Basti ricordare che uno degli storici frutti della concertazione trilaterale fu la non rimpianta «scala mobile» che, adeguando continuativamente i salari all’inflazione diede impulso a un periodo micidiale di salite dei prezzi a doppia cifra, con uno stato connivente che poteva permettersi di aumentare il debito e la spesa confidando nella limatura inflattiva e gettando i semi per la cronica sfiducia di capitali e investimenti esteri verso l’Italia. Dopo quello che venne considerato uno dei fiori all’occhiello della concertazione, il cosiddetto lodo Scotti del 1983 ci volle poi l’autorità di un referendum (giugno 1985) per mettere una pietra sopra alla folle rincorsa dei prezzi e dei salari.

Sempre dalla concertazione vengono altri piani che hanno portato risultati che possono essere verificati toccando con mano: ricordiamo ad esempio il cosiddetto «Patto di Natale» siglato col governo D’Alema nel 1998 che aveva come scopo principale il rilancio in grande stile dell’economia del Sud. Gli esiti sono sotto gli occhi di tutti, solite infornate di assunzioni clientelari e solito fiume di denaro che si disperde in nulla. Oppure le battaglie per la contrattazione collettiva nazionale che hanno dato vita a uno mercato del lavoro con massima rigidità e minimi salari nel confronto europeo.

Dall’influenza dei sindacati sulle scelte di governo ricordiamo anche altre imprese come l’abbattimento del famoso «scalone» che, imposto a viva forza dalla Cgil al governo Prodi, comportò una spesa prospettica di 10 miliardi per conservare il privilegio (rispetto alle giovani generazioni) di un’uscita anticipata dal lavoro per chi l’impiego già ce l’aveva, col grande risultato di ritrovarsi dopo pochi anni a subire condizioni estremamente più dure da parte del governo Monti senza avere la possibilità di dire nulla. In tempi recenti ricordiamo anche l’accordo concertato per varare i fondi pensione complementari, graditi ai sindacati perché con essi si apriva la possibilità di gestire in prima persona ingenti somme di denaro e il cui successo, sia in termini di rendimenti sia di vantaggi per i lavoratori, è stato a dir poco dubbio.

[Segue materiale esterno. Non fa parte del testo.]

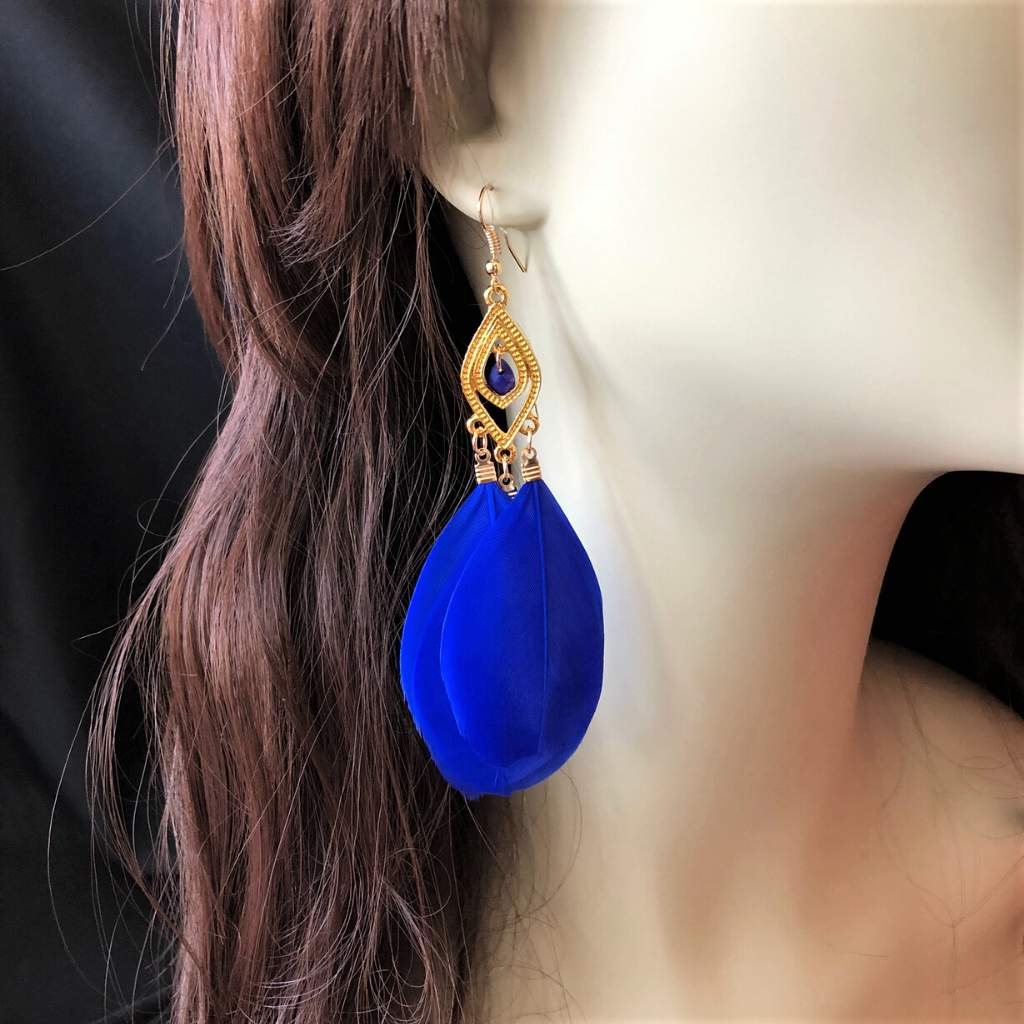 E1- Blue Stone Earrings - Red Lake Nation Foods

Quello che però i sindacati sembrano non capire è che per «concertare» le virgole, come la soglia di rivalutazione delle pensioni e altri dettagli, si perde d’occhio lo scopo di fondo del governo Monti, condiviso e imposto dalla Germania: vale a dire il ritorno alla competitività dell’Italia tramite deflazione, che significa una sola cosa, costante e progressivo taglio degli stipendi attraverso uno stato di crisi continuo finché i salari e i costi italiani non saranno parificati alle «competitive» economie

dell’Est Europeo. Su questi temi i sindacati dovrebbero confrontarsi, non invocare la «concertazione» per suggerire ripicche spesso intrise di invidia sociale e mascherate dalla nuova parola d’ordine dell’equità.